The X factor in China’s burgeoning luxury consumption is the country’s one-child generation — a group of people who tend to be highly individualistic and perceive luxury goods as a way to set themselves apart.
The population policy, in place in China’s cities for 30 years, has created a value system among these millions of only-children that is “more self-indulgent and self-interested” than the more communal ways of their predecessors, said Patti Pao, president and founder of strategic consultant Pao Principle and author of a new “China Luxury Panel” report.
“The one-child generation will have a huge influence,” said Pao, who was born in the U.S. after her parents fled Mainland China for Taiwan when the communists took power in 1949. Theirs is often a sensibility inclined to “bring on the Balenciaga, bring on the Yves Saint Laurent,” she added, in contrast to the rising tide of young adults globally who are clamoring for the fast-fashion, designer one-offs of stores such as H&M and Zara, and the cheap chic of players like Uniqlo.

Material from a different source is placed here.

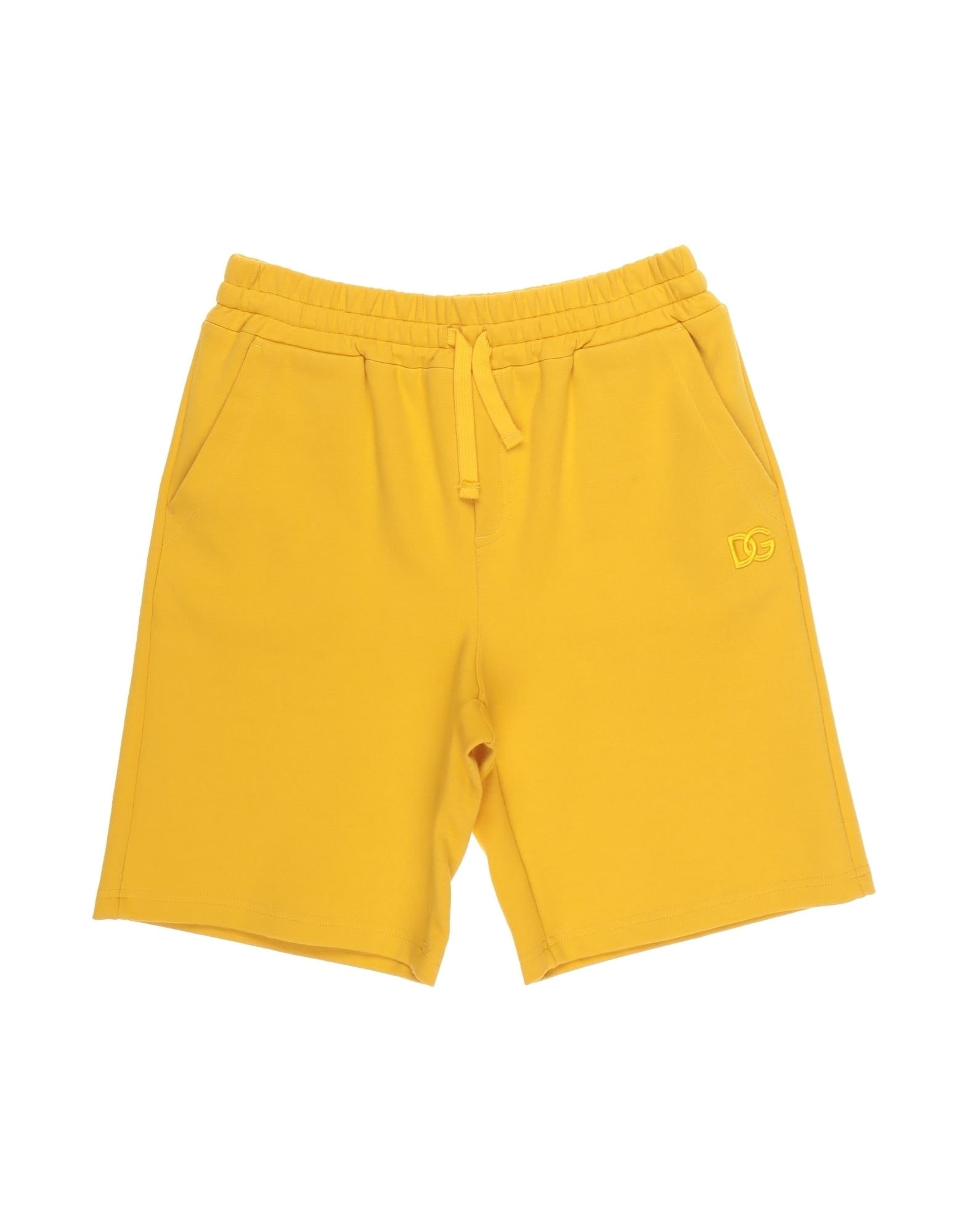 DOLCE&GABBANA - Shorts & Bermuda Shorts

Young adults reared by mothers and fathers who were “prodigious savers,” the urban Chinese in their 20s and 30s are receiving some funds from their parents — cash flow that is propelling luxury spending, said Michael Silverstein, a senior partner and managing director at The Boston Consulting Group, who visited Beijing and Shanghai in the summer. “The vast majority of luxury goods [in China], around 75 percent, are purchased by people under 40,” he said. “This is a young movement.”

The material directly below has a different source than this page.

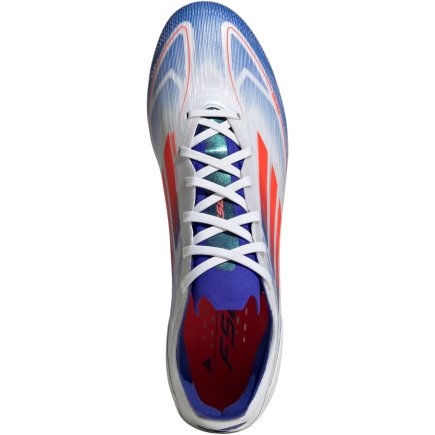Бутсы Adidas F50 Pro FG IE0596 - Официальная Продукция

This youthful appetite is not lost on the world’s major luxury brands, pioneers in China such as Louis Vuitton, Lanvin, Hermès, Gucci, Chanel, Prada, Cartier and Tiffany & Co. “The desire to differentiate among ‘one-childs’ will spur new merchandising and marketing efforts,” Pao forecast. “Much of the luxury [consumption] flow goes to Hong Kong, now,” rather than to the Mainland.
Roughly 300 million affluent and wealthy Chinese — including many of the 37.9 million in this cohort born since 1979 — are considered the most likely consumers of luxury in a population of 1.35 billion. The majority of this group is between 20 and 40 years old, while their counterparts in the U.S., Japan and Europe are mainly people acquiring luxuries much later in life, ages 40 to 70.